In an action to recover damages for personal injuries, etc., the plaintiffs appeal, as limited by their brief, from so much of an order of the Supreme Court, Putnam County (O’Rourke, J.), dated July 5, 2007, as granted those branches of the defendants’ motion which were for summary judgment dismissing their Labor Law § 241 (6) cause of action, and their Labor Law § 200 causes of action insofar as asserted against the defendant Fratello Construction Company.
Ordered that the order is reversed insofar as appealed from, on the law, with costs, and those branches of the defendants’ motion which were for summary judgment dismissing the plaintiffs’ Labor Law § 241 (6) cause of action and their Labor Law § 200 causes of action insofar as asserted against the defendant Fratello Construction Company are denied.

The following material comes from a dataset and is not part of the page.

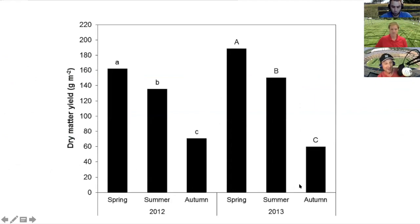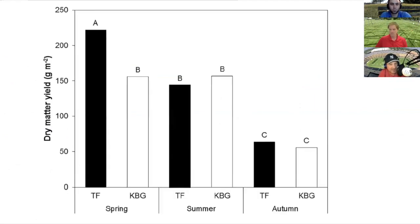Cal spent a lot of time collecting clippings and demonstrated across species that, as expected, we get quite a bit more clipping production — significantly more clipping dry matter yield — in the spring than in the summer, and then in the fall. And by species, I was a little surprised by this, Cal, and this is where I'll bring you in to talk to us about this a little bit.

The plaintiff Jimmy C. Lane (hereinafter the plaintiff) was employed by Forno Enterprises, Inc., as a glazier, and was working at a construction site owned by the defendant County of Putnam (hereinafter the County) where the defendant Fratello Construction Company (hereinafter Fratello) served as the general or prime contractor. He allegedly was injured when, while walking on the outside of the building to assist in the installation of a window, he tripped and fell over a brick in a pile of debris.

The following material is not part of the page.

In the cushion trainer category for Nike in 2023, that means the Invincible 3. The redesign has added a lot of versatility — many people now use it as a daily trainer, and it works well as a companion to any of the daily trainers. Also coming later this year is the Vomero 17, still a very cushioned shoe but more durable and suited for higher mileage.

The Supreme Court erred in granting that branch of the defendants’ motion which was to dismiss the plaintiffs’ Labor Law § 241 (6) causes of action against all of the defendants premised on an alleged violation of 12 NYCRR 23-1.7 (e) (2). *576Contrary to the defendants’ contentions, that regulation is a sufficient predicate for liability under Labor Law § 241 (6) (see Jicheng Liu v Sanford Tower Condominium, Inc., 35 AD3d 378 [2006] ). It provides, in pertinent part: “Working areas. The parts of floors, platforms and similar areas where persons work or pass shall be kept free from accumulations of dirt and debris and from scattered tools and materials and from sharp projections insofar as may be consistent with the work being performed” (12 NYCRR 23-1.7 [e]). The defendants failed to demonstrate that the area where the plaintiff was injured did not constitute a work area within the meaning of this provision (see Owen v Schulmann Constr. Corp., 26 AD3d 362, 363 [2006]; Loboda v VJV Dev. Corp., 296 AD2d 441 [2002]). Therefore, they failed to establish their entitlement to judgment as a matter of law with respect to the plaintiffs’ cause of action pursuant to Labor Law § 241 (6) based on an alleged violation of 12 NYCRR 23-1.7 (e) (2).

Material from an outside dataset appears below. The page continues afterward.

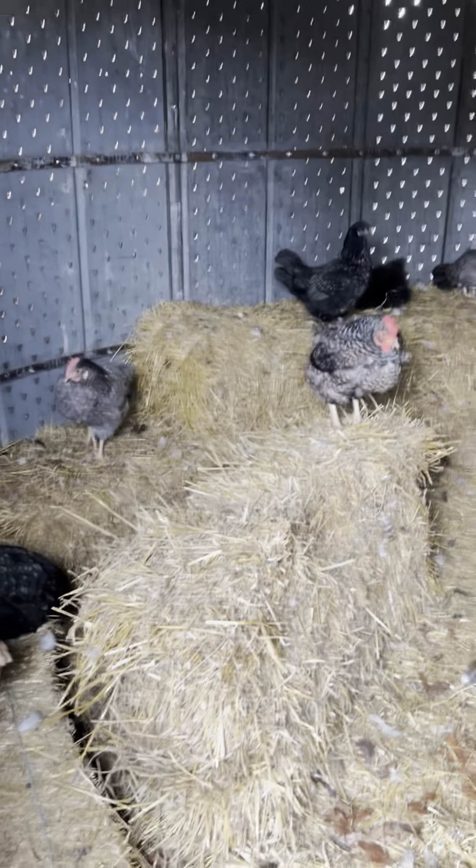They are also molting like crazy and growing in their new feathers. All of these girls look pretty good, and I guess maybe our mini Melba up there is probably the roughest at the moment, growing in her new feather growth for the winter.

The Supreme Court also erred in granting that branch of the defendants’ motion which was for summary judgment dismissing the causes of action alleging a violation of Labor Law § 200 insofar as asserted against Fratello. Labor Law § 200 codifies the common-law duty of an owner or contractor to provide employees with a safe place to work (see Comes v New York State Elec. & Gas Corp., 82 NY2d 876, 877 [1993]; Peay v New York City School Constr. Auth., 35 AD3d 566, 567 [2006]). “Where ... a plaintiffs injuries stem not from the manner in which the work was being performed, but, rather, from a dangerous condition on the premises, a general contractor may be liable in common-law negligence and under Labor Law § 200 if it has control over the work site and actual or constructive notice of the dangerous condition” (Keating v Nanuet Bd. of Educ., 40 AD3d 706, 708 [2007]). Here, the alleged defect, a pile of debris created by several subcontractors, would constitute a defective condition of the premises. Fratello failed to establish, prima facie, that it lacked control over the condition of the work site (see Keating v Nanuet Bd. of Educ., 40 AD3d at 709; Kerins v Vassar Coll., 15 AD3d 623, 625 [2005]), and further failed to establish, prima facie, that it lacked actual or constructive notice of the alleged defect (see Keating v Nanuet Bd. of Educ., 40 AD3d at 709; see also Mikhaylo v Chechelnitskiy, 45 AD3d 821 [2007] ). Rivera, J.P, Spolzino, Dickerson and Eng, JJ., concur.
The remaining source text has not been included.